Kraken Launches Commission-Free Stock, ETF Trading in US

Generated by AI AgentCoin World
Monday, Apr 14, 2025 2:29 pm ET1min read

Kraken, a prominent crypto exchange, has announced the launch of commission-free stock and exchange-traded fund (ETF) trading in the United States. This move marks the company's entry into traditional finance through its newly established division, Kraken Securities. The service is initially available in ten U.S. states, with plans to expand nationwide and eventually to international markets.

U.S.-based clients in states such as New Jersey, Connecticut, Wyoming, and Alabama can now trade over 11,000 U.S.-listed stocks and ETFs directly from their Kraken accounts. This phased rollout aims to integrate traditional and digital assets on a single platform, allowing users to manage a portfolio of crypto, stocks, stablecoins, and cash within the Kraken mobile app and Kraken Pro app.

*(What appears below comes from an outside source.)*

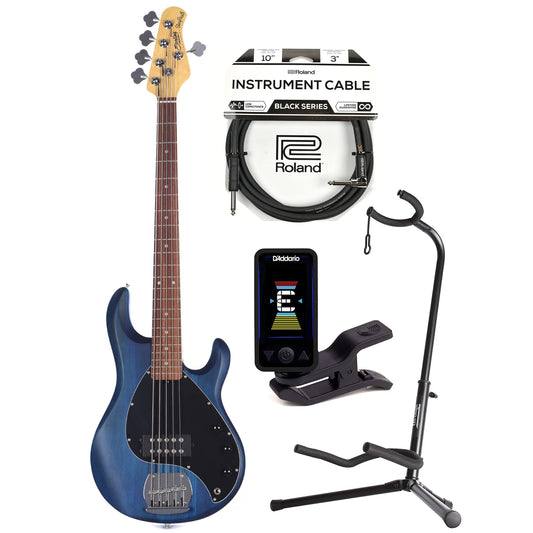 Sterling by Music Man S.U.B. Series StingRay5 5-String Trans Blue Satin w/Guitar Stand, Tuner and 10' Cable Bundle Bass Guitars / 5-String or More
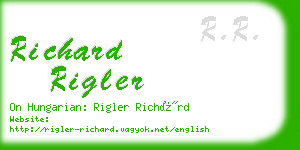 richard rigler business card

The new stock trading feature includes capabilities such as fractional trading, enabling users to buy slices of high-priced stocks, and instant reinvestment of funds across stocks or crypto after a sale. Kraken aims to eliminate the need for multiple platforms by offering a fully integrated experience. Kraken Securities, a FINRA-regulated entity in the U.S., has also secured regulatory approval in the U.K.

Arjun Sethi, Kraken’s Co-CEO, stated, “Crypto isn’t just evolving, it’s becoming the backbone for trading across asset classes. Expanding into equities is a natural step for us and paves the way for the tokenization of assets.” Kraken plans to rapidly expand stock and ETF trading access to more U.S. states and key international markets, including the U.K., Europe, and Australia.

Earlier this month, the U.S. Securities and Exchange Commission (SEC) dropped its charges against Kraken, ConsenSys, and

DRW. The dismissal of charges was based on a “regulation-by-enforcement” approach that disregarded the leading crypto exchange’s consistent business model without merit. In 2023, Kraken was accused of operating as an unlicensed securities exchange, broker, and clearing agency. The SEC argued that the platform enabled crypto trades that qualified as securities without proper registration.